Many people around the world use Google Sheets to complete a range of different tasks for personal and official use. Over the years, Sheets has become an all-in-one data analysis tool that can easily handle all sorts of requests. With increased workloads and having to deal with large datasets, there was a need for an import function that could scrap the required data from external sources. This is where IMPORTXML comes in.
In the following article, we will show you how it can be used for collecting data in different scenarios. Once you start applying it frequently, populating a Google Sheets file with concerned particulars becomes much easier. The IMPORTXML function ends up saving a considerable amount of time and effort. It becomes even more apparent if you need to handle large spreadsheets regularly. Not sure about whether to go with Excel or Sheets? Please read our detailed comparison, which goes through everything you need to know.
What is XML and HTML?
The IMPORTXML function is developed to import data present on the web into your spreadsheet. To properly use the function’s arguments, you need to understand the basics of XML and HTML. As some of you would already know, HTML is the programming language that serves as a building block for most content you see through your web browser. The basic format of HTML works by enclosing an online element inside two tags. The first one marks the starting point of that element, whereas the second defines the end. Anything contained within these tags is formatted, displayed, and treated in a specific manner.

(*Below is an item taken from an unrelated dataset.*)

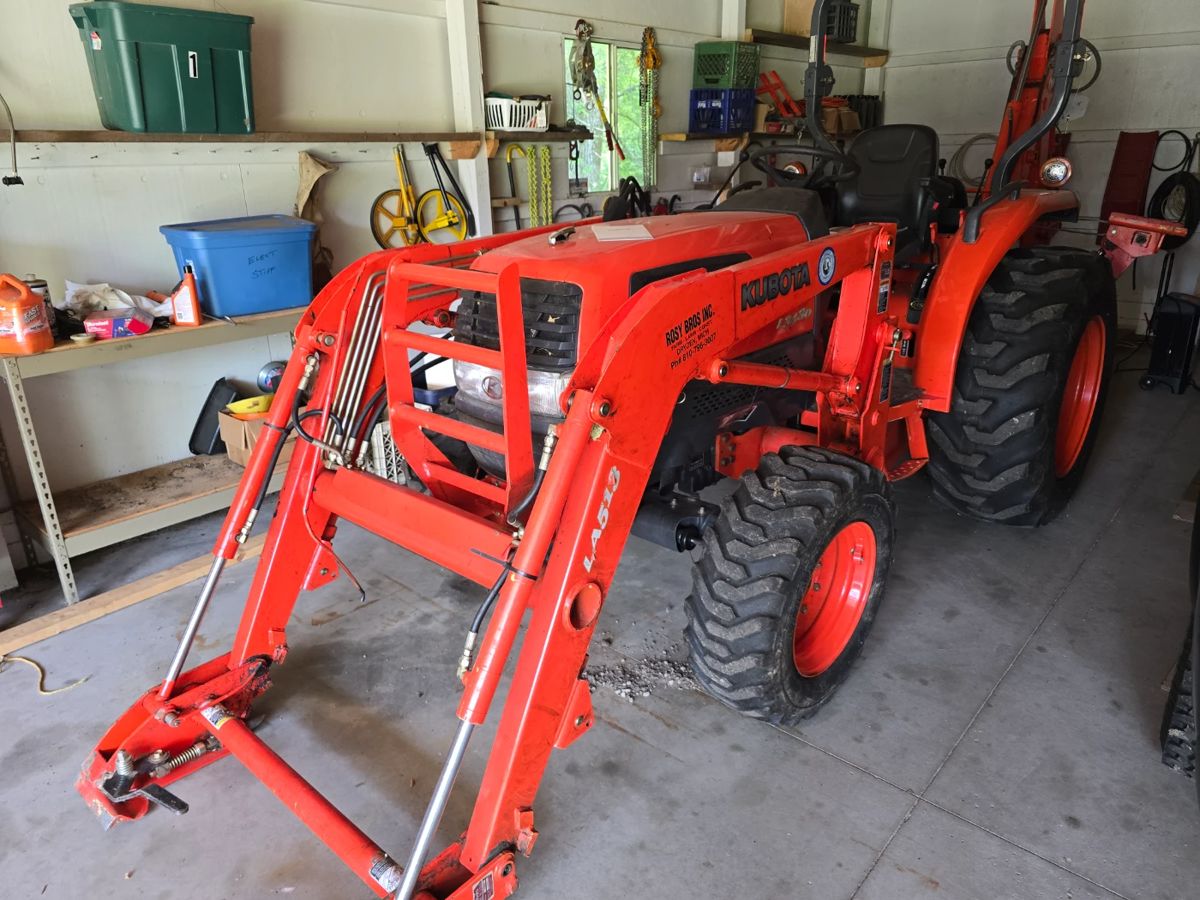 2003 Kubota 600 hours - CASH only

XML stands for Extensible Markup Language. It works similarly to HTML and is responsible for designing different datasets within a webpage. XML can also handle arbitrary data, which turns out to be a pretty helpful feature when you are importing the data into Google Sheets. The IMPORTXML function sends a carefully curated request to a page’s XML and tries to extract a particular dataset from that vast assortment. In simple terms, what this means is that IMPORTXML can add links, emails, lists, and other definite types of elements from any webpage.
We can direct this function to only look for a particular type of HTML tag. That way, it will automatically ignore all other tags and target those specified in the function call. Both XML and HTML were developed to make it easy for developers, data scrapers, and text miners to get unrestricted access to online content. Some sites may add on external layers, which limit this functionality. However, in most cases, you will be able to implement IMPORTXML without any issues whatsoever. In the subsequent sections, we listed step-by-step methods for carrying out different tasks with IMPORTXML in Google Sheets.
Extracting a multi-column list with IMPORTXML
One of the applications for IMPORTXML is extracting multi-column lists from web pages. You may need a specific set of ordered data for any of your projects or official tasks. Such datasets are readily available over the internet. Though, many people do not know much about any direct way to extract such lists automatically without disturbing their original sequence. The IMPORTXML function lets you do just that.
For the sake of this tutorial, we will assume that you need to extract a list of cities with their respective postal codes. Such information is present on Wikipedia or a local bureau of labor statistics.
Step 1: Launch your preferred internet browser and search for the required postal codes. Make sure to find a webpage that displays this information in a list format.
Step 2: Scroll down to the list and select one of the postal codes. Right-click on it and then go to “Inspect” from the drop-down menu. It will open the source code of that webpage in a side window.
Step 3: The source code window will lay out the relevant section based on the text you selected in Step 2. Here, you will notice that the postal code is present inside a specific HTML tag “<td>.” It is used whenever a page needs to display lists or tabular data.
Step 4: Open a new tab on your browser and go to “Google Sheets.” Log in with your account.
Step 5: Create a new spreadsheet and type the following command in the formula bar, “=importxml(URL, Tag).” The first argument URL is the web address of that page, whereas the second argument, “Tag,” is the tag you identified from the source code.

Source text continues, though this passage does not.